L'idée est que le doux l'emporte sur le dur. En d'autres termes, une personne petite et plus faible peut, avec les bonnes techniques et mouvements, se défendre contre un attaquant plus fort et plus grand. Vous pouvez le pratiquer comme autodéfense, lors de tournois spéciaux de Grappling et de tournois de Mixed Martial Arts. Le sparring et la répétition continue des exercices jouent un rôle important dans les entraînements. Il s'agit surtout de la performance réalisée, notamment lors des compétitions et tournois.
Histoire du Jiu-Jitsu brésilien
Le sport a commencé lorsque Mitsuyo Maeda, un maître de Kosen Judo (forme de judo qui se spécialise davantage dans le combat au sol, appelé Ne Waza), a émigré au Brésil. Il a modifié les méthodes d'entraînement pour les rendre non mortelles et a enseigné ces techniques à Carlos Gracie, qui les a ensuite transmises à son frère cadet Helio. Les frères ont appris le sport à leurs enfants, qui perpétuent encore aujourd'hui la tradition familiale. La famille Gracie a perfectionné le système au fil des années.
Souvent, on combat dans des compétitions de Vale Tudo (précurseur du Mixed Martial Arts) où l'accent est mis sur les combats au sol et les adaptations techniques.
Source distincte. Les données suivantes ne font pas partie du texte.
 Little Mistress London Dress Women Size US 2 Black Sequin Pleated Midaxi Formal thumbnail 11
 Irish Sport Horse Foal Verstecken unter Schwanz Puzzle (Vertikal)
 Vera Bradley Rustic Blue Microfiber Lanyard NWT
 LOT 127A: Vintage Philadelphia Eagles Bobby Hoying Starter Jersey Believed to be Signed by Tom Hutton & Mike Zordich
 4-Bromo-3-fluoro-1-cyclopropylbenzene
Le Jiu-Jitsu brésilien est devenu célèbre au début des années 90 aux États-Unis lorsque Royce Gracie a remporté les premier, deuxième et quatrième championnats d’Ultimate Fighting. Depuis, c’est un sport de prédilection pour de nombreux combattants MMA et il est largement reconnu pour son accent sur le combat au sol. Les tournois de Jiu-Jitsu brésilien attirent une attention croissante dans le monde entier et deviennent de plus en plus connus et importants, comme les tournois de no-gi submission grappling de l’ADCC (Abu Dhabi Combat Club).
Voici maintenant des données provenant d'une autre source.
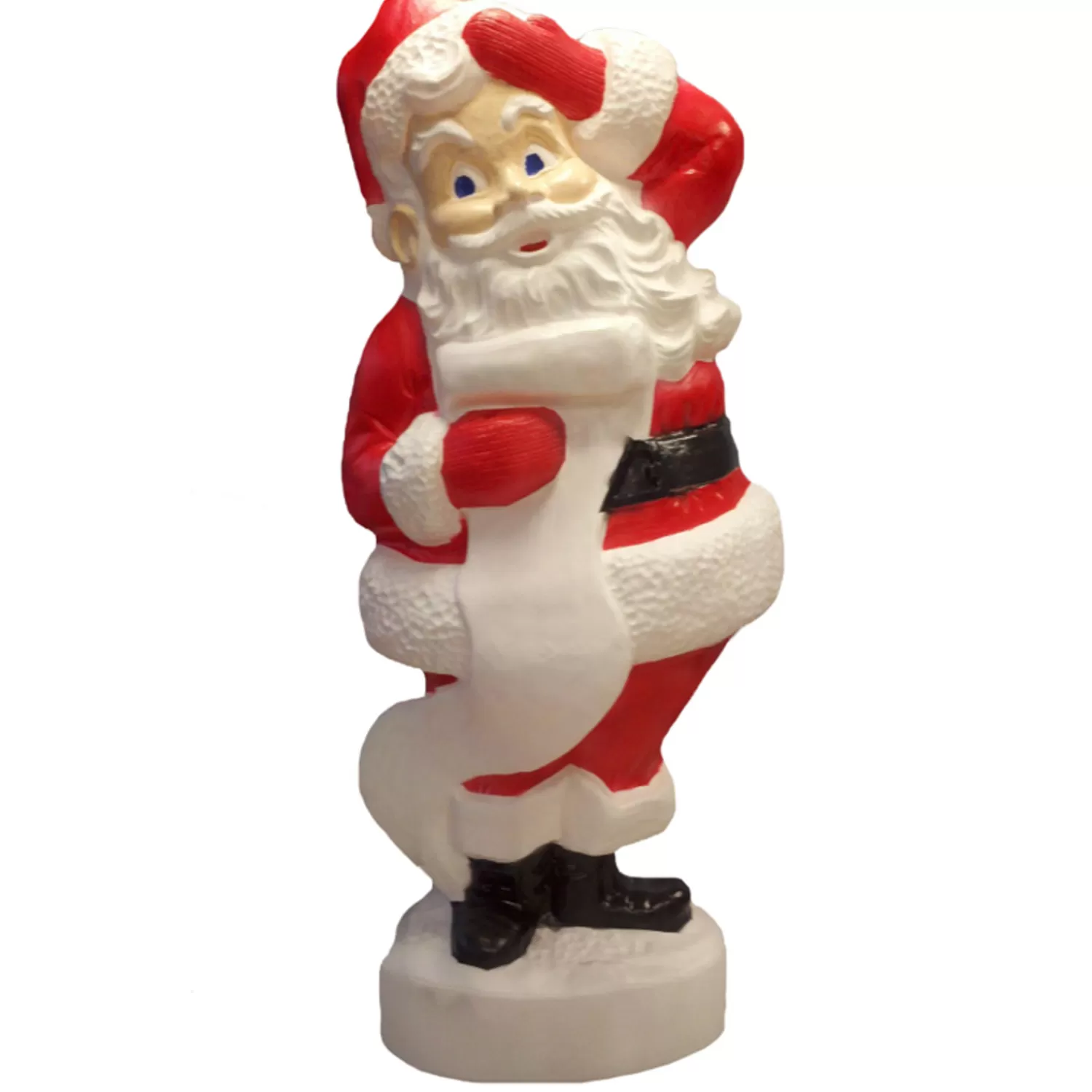 The Jolly Christmas Shop Santa Christmas Decorations | Outdoor Lighted Decorations | 43" Large Santa Blow Mold Outdoor Christmas Decor 75180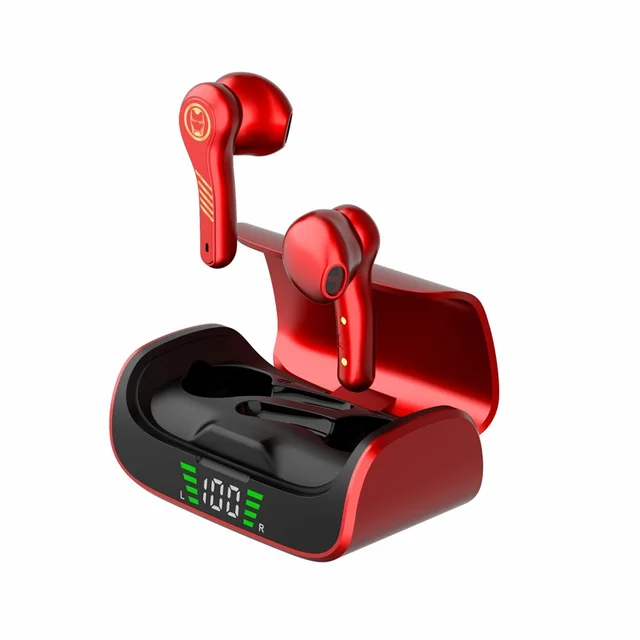 Tongdaytech TWS Bluetooth-compatible 5.0 Wireless Earphones LCD Display 3D Stereo HiFi Sport Headset Earbuds With Charging Box Iran Man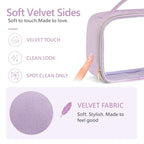 Clear Makeup Bag Travel (01 Purple / Full Vacation (Mixed Sizes))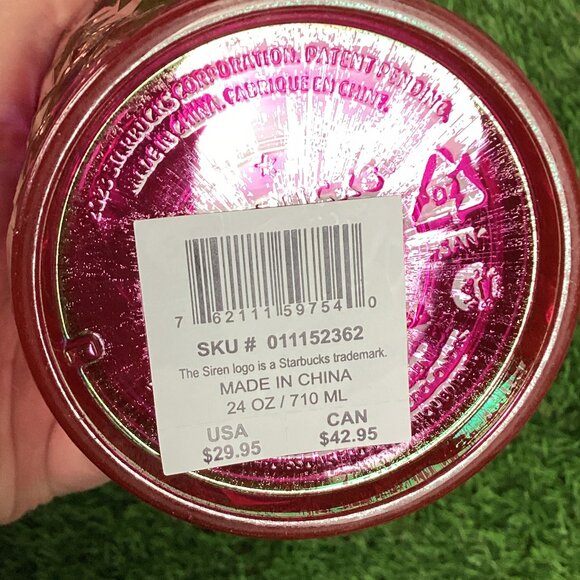 Starbucks Red Prism Tumbler 24oz - Picture 9 of 11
Parfois, le sport est appelé Gracie Jiu Jitsu, mais ce nom est une marque déposée par Rorion Gracie et fait référence au style qu’il et ses enseignants ont promu. D’autres membres de la famille Gracie ont des styles similaires, comme Charles Gracie et Renzo Gracie. Les frères Machado appellent leur style Machado Jiu-Jitsu. Chaque style a ses propres aspects uniques, mais ils sont globalement considérés comme des dérivés du Jiu-Jitsu brésilien.
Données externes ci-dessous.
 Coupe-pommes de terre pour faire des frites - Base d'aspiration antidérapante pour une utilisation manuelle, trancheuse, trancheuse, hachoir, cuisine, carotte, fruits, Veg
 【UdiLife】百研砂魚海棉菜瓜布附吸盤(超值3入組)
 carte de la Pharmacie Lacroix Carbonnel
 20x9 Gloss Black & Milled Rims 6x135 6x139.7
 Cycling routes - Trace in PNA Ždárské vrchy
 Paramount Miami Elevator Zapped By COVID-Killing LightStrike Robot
Le Jiu-Jitsu brésilien aux Pays-Bas
Bien que ce sport soit pratiqué depuis des années aux Pays-Bas, il n’a pas encore une très grande notoriété, malgré la renommée mondiale que nous avons dans le domaine des arts martiaux. Il existe un nombre assez important d’écoles aux Pays-Bas où vous pouvez pratiquer le Jiu-Jitsu brésilien. La plupart ont un « ceinture noire » qui enseigne, mais pas toutes. Les entraîneurs viennent principalement du Brésil. Mathieu Peters d’Oss est le premier « ceinture noire » néerlandais. Il a réussi l’examen prestigieux en janvier 2007 à la Yamasaki Academy à Washington, aux États-Unis. On s’attend à ce que ce sport prenne un essor énorme aux Pays-Bas. Le Jiu-Jitsu brésilien est considéré comme l’un des arts martiaux les plus efficaces.
En Belgique, il y a déjà plusieurs ceintures noires : Juan Grizzo, Sabatine, Mario D’Hoker et Koen Smets. Le Jiu-Jitsu brésilien y rencontre également beaucoup de succès et le nombre de pratiquants augmente régulièrement. Beaucoup étaient autrefois obligés de se rendre à l’étranger pour des compétitions et des séminaires. Aujourd’hui, les clubs organisent de plus en plus de stages, séminaires et compétitions pour améliorer leur niveau.